SNR	OMA${}_{80\mathbf{m}}$	OMA${}_{120\mathbf{m}}$	NOMA	Percentage Improvement (80 m)	Percentage Improvement (120 m)
0	1.2376	1.152	2.1064	41.25%	45.31%
5	3.774	3.2793	5.3827	29.89%	39.08%
10	9.4486	8.6886	13.7745	31.41%	36.92%
15	20.1091	18.5457	24.8915	19.21%	25.49%
20	33.5871	31.8631	38.783	13.40%	17.84%

and

Table 5. Sum rate comparison for dense urban environment.

SNR	OMA${}_{80\mathbf{m}}$	OMA${}_{120\mathbf{m}}$	NOMA	Percentage Improvement (80 m)	Percentage Improvement (120 m)
0	1.259	1.0674	1.7033	26.08%	37.33%
5	3.5599	3.0732	4.7133	24.47%	34.80%
10	9.6177	8.254	13.5567	29.06%	39.11%
15	19.6127	17.8929	24.684	20.54%	27.51%
20	33.8681	31.4524	37.7492	10.28%	16.68%

. Numerical results show that the proposed HUAO-based user pairing outperforms and the performance improvement for all the environments is listed in the tables.

4.3. Impact of Environments: NOMA vs. OMA

The sum rate comparison is carried out for three different environments in Figure 7 for an altitude of 80 m for OMA-UAV. The significant performance improvement of NOMA can be seen clearly where it gives better performance for suburban environment at OMA-UAV altitude of 80 m.
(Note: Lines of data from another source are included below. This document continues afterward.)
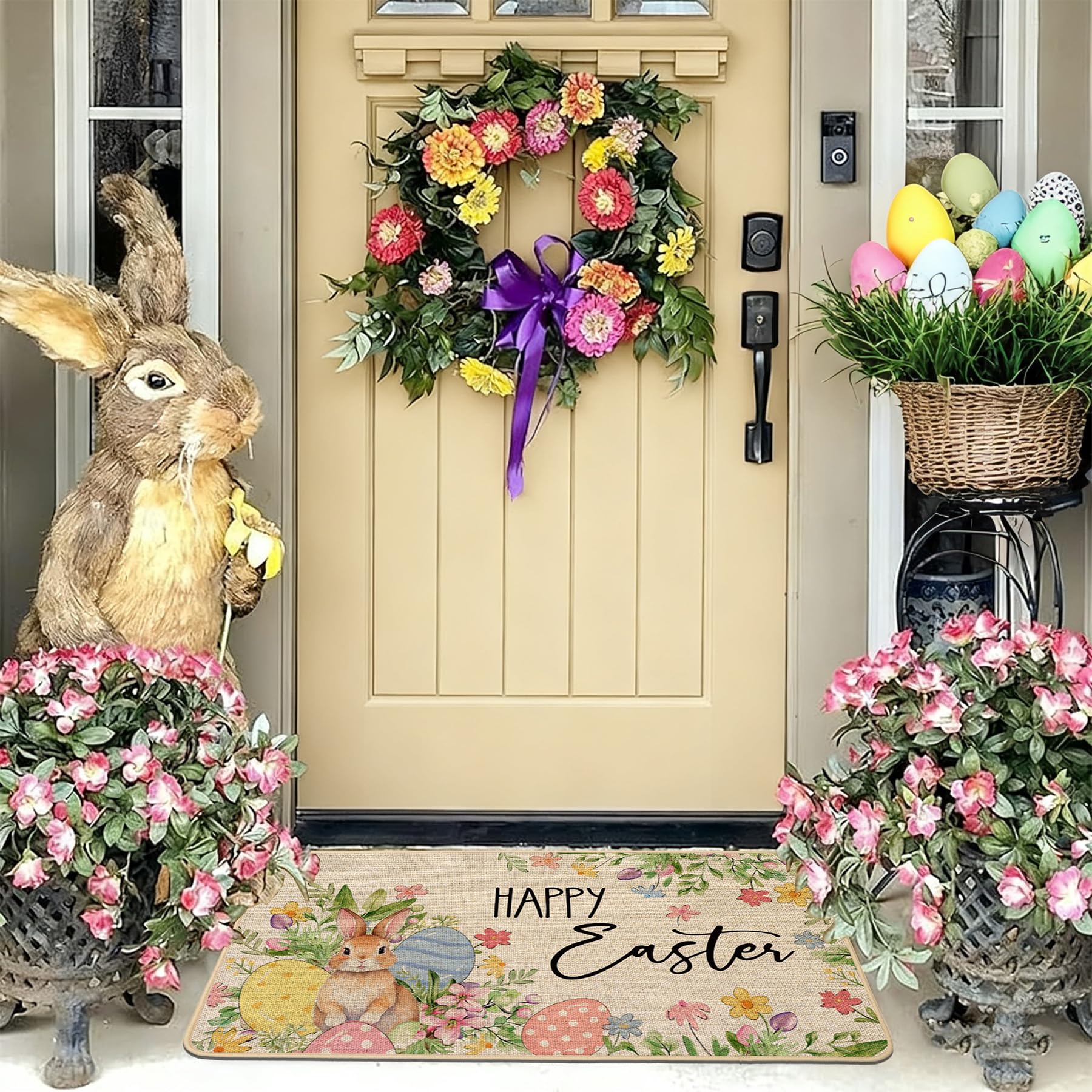 Baccessor Easter doormat with floral rabbit design brightens entryways.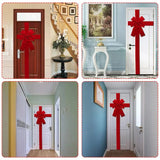 elvesmall 24X33CM Hanging Door Bow Ribbon Big Red Bows for Wedding Christmas Holiday Front Door Party Home Decorations DIY Supplies
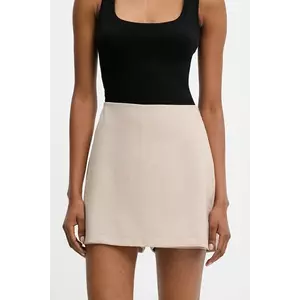 Answear Lab fustă pantaloni culoarea bej, melanj, high waist imagine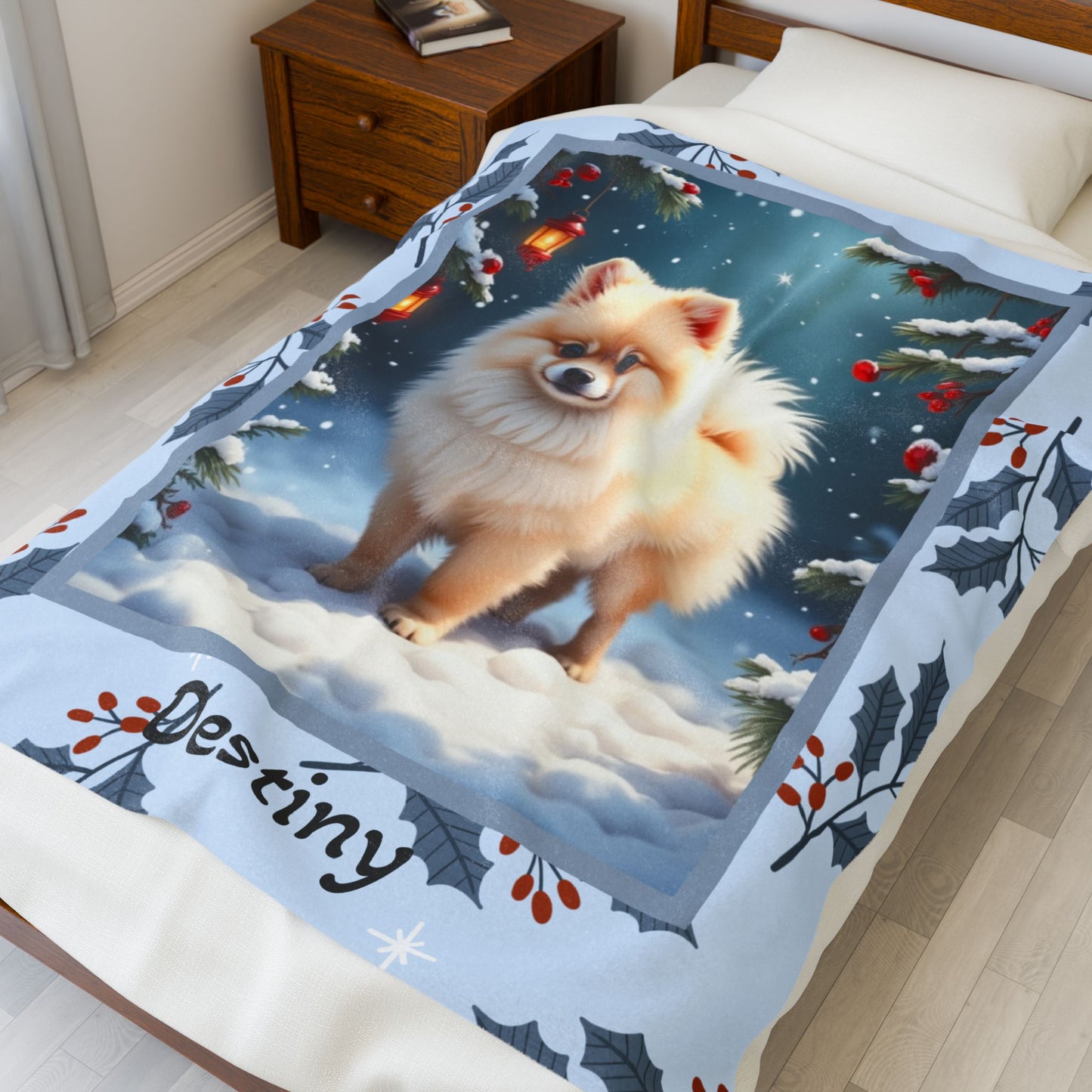 Pomeranian Cream personalized winter throw with soft cream Pom artwork in a cozy illustrated lodge setting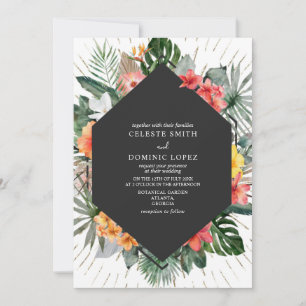 Invitation Mariage Floral Tropical Et Gold Botanique Invitat
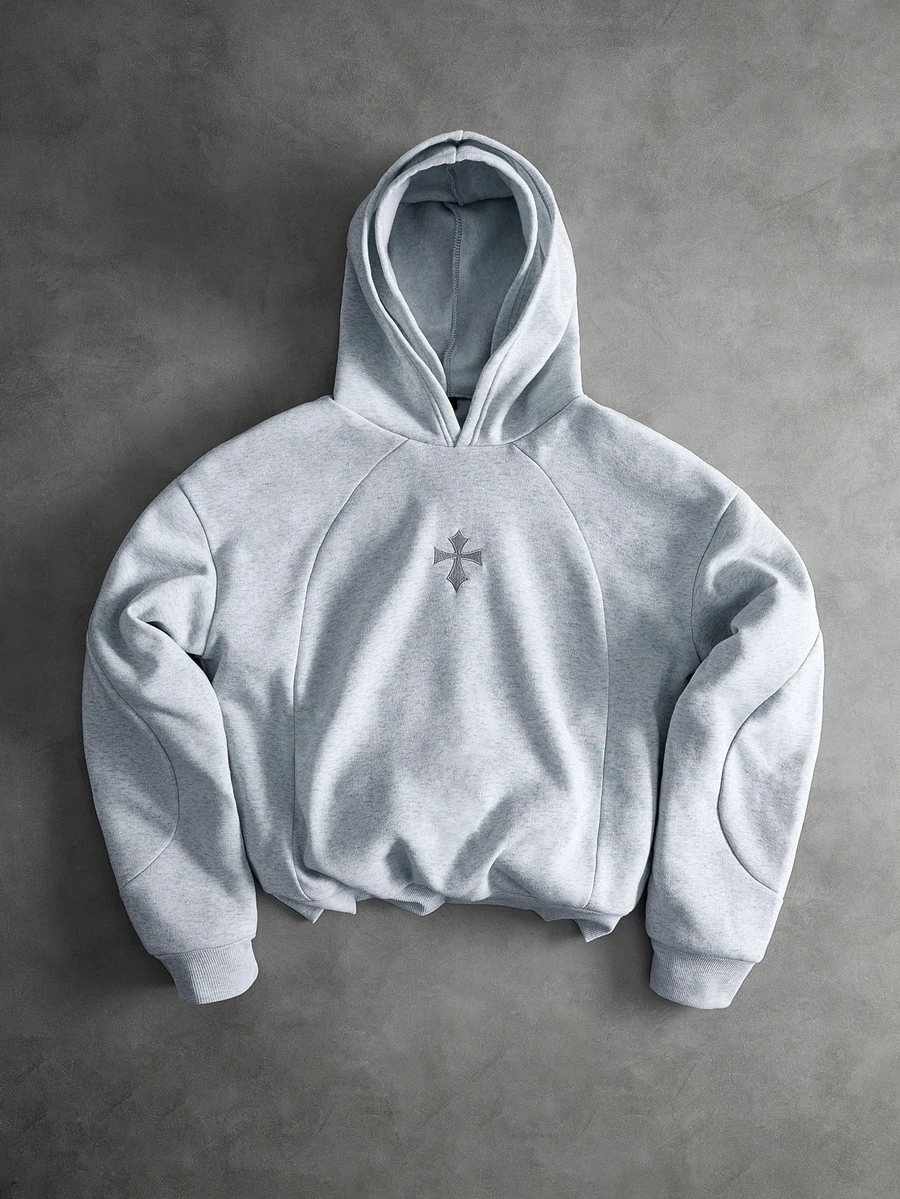 PAVTROS Men's Streetwear Hot-Selling Structural Patchwork 3D Embroidered Logo Hoodie, Boyfriend/Husband Gift, Anniversary Gift, Plus Size - Light Grey - View 1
User pairing is optimized through PSO and the simulations show that NOMA gives performance improvement of 42% for suburban, 30.78% for urban, and 26.1% for the dense urban environment.

4.4. Optimized NOMA Altitudes

The data rate achieved in OMA at 80 m and 120 m altitudes are taken as reference or target thresholds for the NOMA. The optimized NOMA altitudes are evaluated for the reference OMA altitudes, given in

Table 6. Optimized NOMA altitudes.

OMA	NOMA
	Suburban	Urban	Dense Urban
80 m	43.3014 m	94.2402 m	119.1598 m
120 m	49.7267 m	103.4393 m	158.4576 m

.

5. Conclusions

In this paper, a comparative analysis of the GA and PSO is presented for user pairing in a NOMA-based UAV communication system. The problem of joint-user pairing and altitude optimization is formulated, whereby the user pairing is done through GA and PSO, and the altitude is optimized through an interior point algorithm. The simulations prove the superiority of the proposed HUAO algorithm and PSO gives better improvement in the sum rate as compared to the GA. Sum rate performance of the suburban environment is better than the urban and dense urban environments.